Sockets are similar to pipes. Both look like files to the programs using them. Both facilitate interprocess communication. Pipes communicate with a local program; sockets communicate with a remote program. Sockets also offer, as you mention, bidirectional communication (much like a pair of properly connected pipes could).
Finally, it is common for programs on a single machine to communicate using standard network protocols, such as TCP; it would be wasteful to go all the way to the network hardware (if any!), compute checksums, etc., just to end up back at the same host. Unix domain sockets handle this case. They connect processes on the same host rather than remote processes, bypassing the network.
As tripleee mentioned, in the course of the history of BSD, pipes were introduced earlier than sockets, and were reimplemented using sockets once those existed. The same reference, The Design and Implementation of the FreeBSD Operating System, mentions that pipes were then reverted to a non-socket implementation for performance reasons.
A socket is just a logical endpoint for communication. They exist on the transport layer. You can send and receive things on a socket, you can bind and listen to a socket. A socket is specific to a protocol, machine, and port, and is addressed as such in the header of a packet.
Beej’s guides to Network Programming and Inter-Process Communication both have good information on how to use sockets, and even answer this exact question.
Now, what is it?
A socket, or “socket” can be several things:
First of all, it is a thought model and an application programming interface (API). That means you have a set of rules you need to follow and a set of functions that you can use to write programs that do something, according to a precisely specified contract. In this particular case, something means exchange data with another program.
The sockets API widely abstracts the details of “communication” in general. It encapsulates who you talk with and how, all through one (almost) consistent and identical cookie-cutter form.
You can create sockets in different “domains” (such as e.g. a “unix socket” or a “internet socket”) and of different types of communication (e.g. a “datagram” socket or a “stream” socket) and talk to different recipients, and everything works exactly the same (well, 99%, there are obviously minute differences that you’ll have to account for).
You do not need to know (and you do not even want to know!) whether you talk to another program on the same computer or on a different computer, or whether there is IPv4 or IPv6 network in between those computers, or maybe some other protocol that you have never heard of.
socket is also the name of the library function (or syscall) which creates “the socket“, which is a special kind of file (everything in Unix is a file).
How does it compare to…
sockets fall into the same category as pipes and name pipes
A pipe is a means of one way communication between a reader and a writer (both being programs) on the same computer. It simulates a stream of data (just like e.g. TCP).

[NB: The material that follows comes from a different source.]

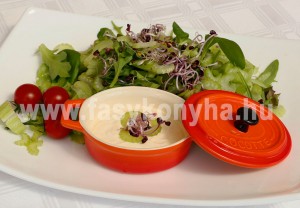 eloetel Zellerszár saláta céklacsírával joghurtos dresszinggel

That is, no individual “messages” or “blocks of data” exist from the pipe’s point of view. You can copy any amount of data into “one end”, and someone else can read any amount of data (not necessarily the same, and not necessarily in one go) at the “other end” in the same byte order as you’ve pushed it in.
A named pipe is, well, simply a pipe which owns a name in the filesystem. That is, it’s something that looks and behaves just like a file, it appears in the directory listing and you can open it, write to it, etc etc. Note that you can also create socket special files (that would be a named socket).
A socket, on the other hand, is a means of two way (“duplex”) communication, that means you can write to and read from the same socket, and you do not need two separate sockets for a two-way communication.
Also, a socket can act as a stream (identical to a pipe), or it can send discrete, unreliable messages, or it can send discrete, ordered messages (the first two work on any domain, the last only on “unix domain”). It can send messages (or simulate a stream) to someone on an entirely different computer. A socket can even do a form of one-to-many communication (multicast) under some conditions.
With that in mind, it is clear that sockets do something much more complicated and generally have more overhead than pipes (which are basically no more than a simple
memcpy to and from a buffer!), but if you create local sockets (i.e. on the same computer), the operating system usually applies a heavily optimized fast path, so there is really not much of a difference.
sometimes mentioned with regard to networks
Yes, sockets are one possible way of inter-process communication (shared memory and pipes being examples of alternatives). All at the same time, they are being used for “networking”, as explained above.